The Big Four technology companies have upped their spending on lobbying retainers in light of increased chatter regarding a federal crackdown and calls for regulators to break up social media platforms such as Facebook, according to a report appearing in the New York Times today.
According to the Times’ analysis, Google, Amazon, Facebook and Apple spent a combined total of $55 million on lobbying in 2018, effectively doubling their 2016 lobbying spends of $27.4 million. According to the Times, these figures now put the big four tech companies “on a par with long-established lobbying powerhouses like the defense, automobile and banking industries.”
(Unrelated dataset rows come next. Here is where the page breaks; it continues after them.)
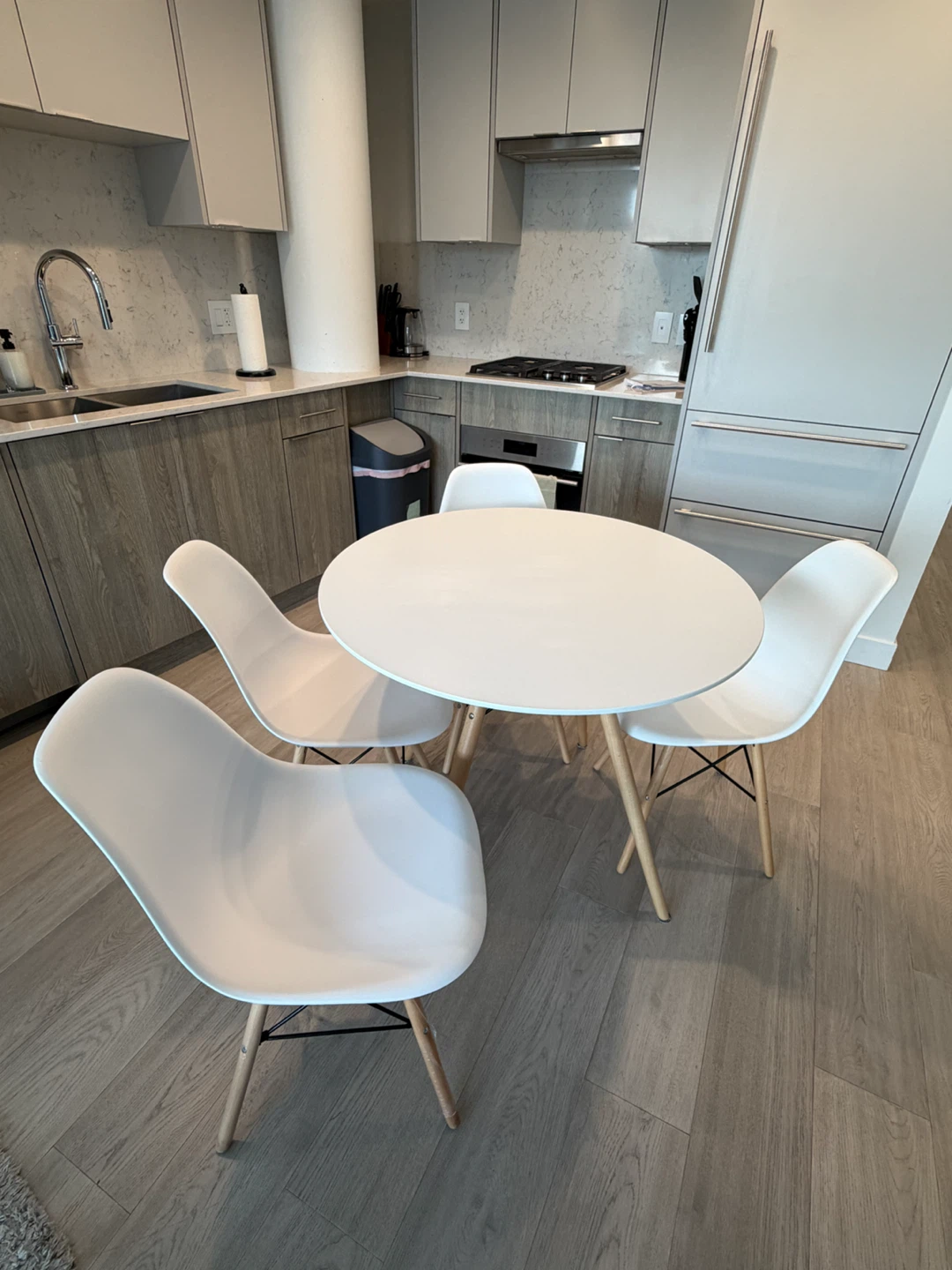 Round White Dining Table with 4 Chairs - photo 2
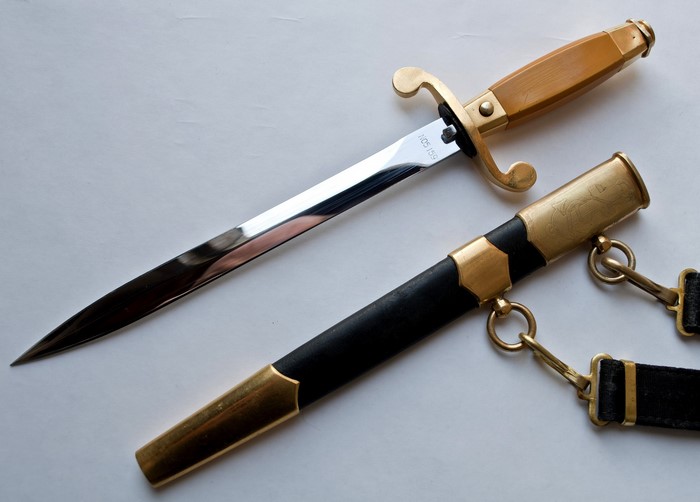 Naval dirk with scabbard and belt hangers
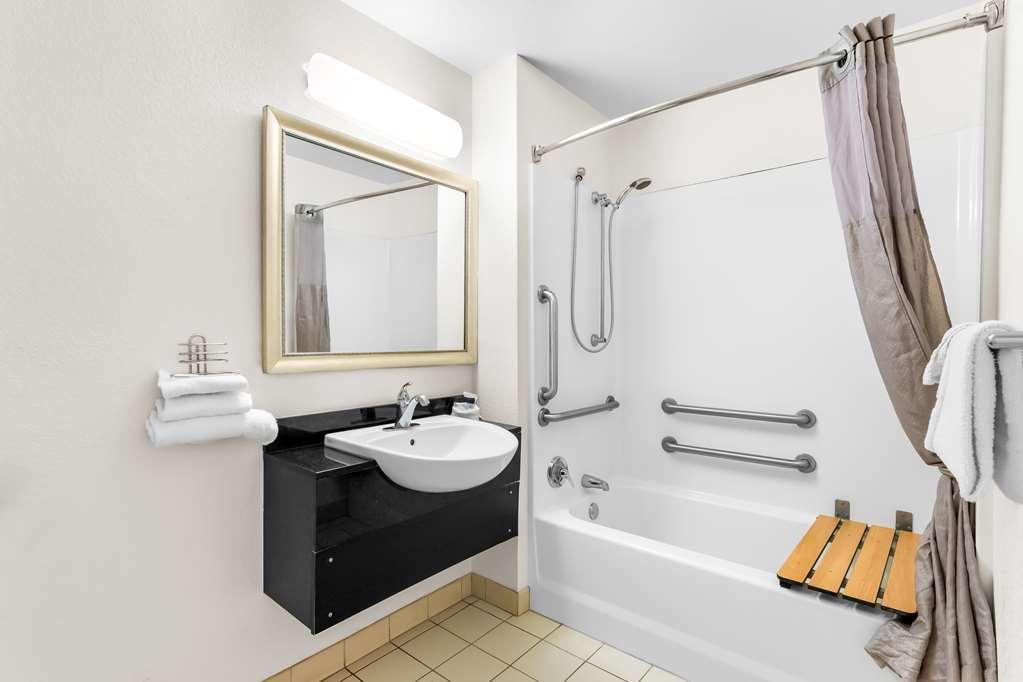 Americas Best Value Inn Стилуотер Номер фото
Citing figures from nonpartisan research group the Center for Responsive Politics, the Times report goes on to claim that several tech companies are already on track to spend at even higher levels this year.
The Times report comes days after the House Judiciary Committee announced it would launch a “top-to-bottom” antitrust probe into Google, Facebook and other tech giants.
“The era of self-regulation is over,” House Speaker Nancy Pelosi, D-Calif., tweeted on Monday.
Pelosi herself was recently the victim of a heavily doctored video that showed her appearing to drunkenly slur words at a Center for American Progress event. To date, Facebook has declined to take any action in removing that “deepfake” clip, which was widely-circulated across the platform as well as Twitter and YouTube, and was even linked by President Trump’s personal attorney, Rudy Giuliani.
The spate of calls for a federal inquiry into Facebook account for only the latest in an ongoing hurdle of PR disasters to face the social platform, after the site was used for political manipulation by Russia-backed firms during the 2016 presidential election and was later criticized for hiring D.C. PR firm Definers Public Affairs to conduct opposition research on critics. Questionable practices with user data and wide system outages leading to advertiser refunds have since continued to sully the tech image’s reputation.
Facebook co-founder Chris Hughes argued in a widely-circulated May New York Times op-ed that it's time to break up the social media giant.
An annual research study of congressional staff and executive branch officials released by APCO Worldwide last year discovered that lobbyists representing the U.S. tech sector are now seen by Washington policy leaders as the most effective advocacy associations and the best positioned to drive members’ agendas on Capitol Hill.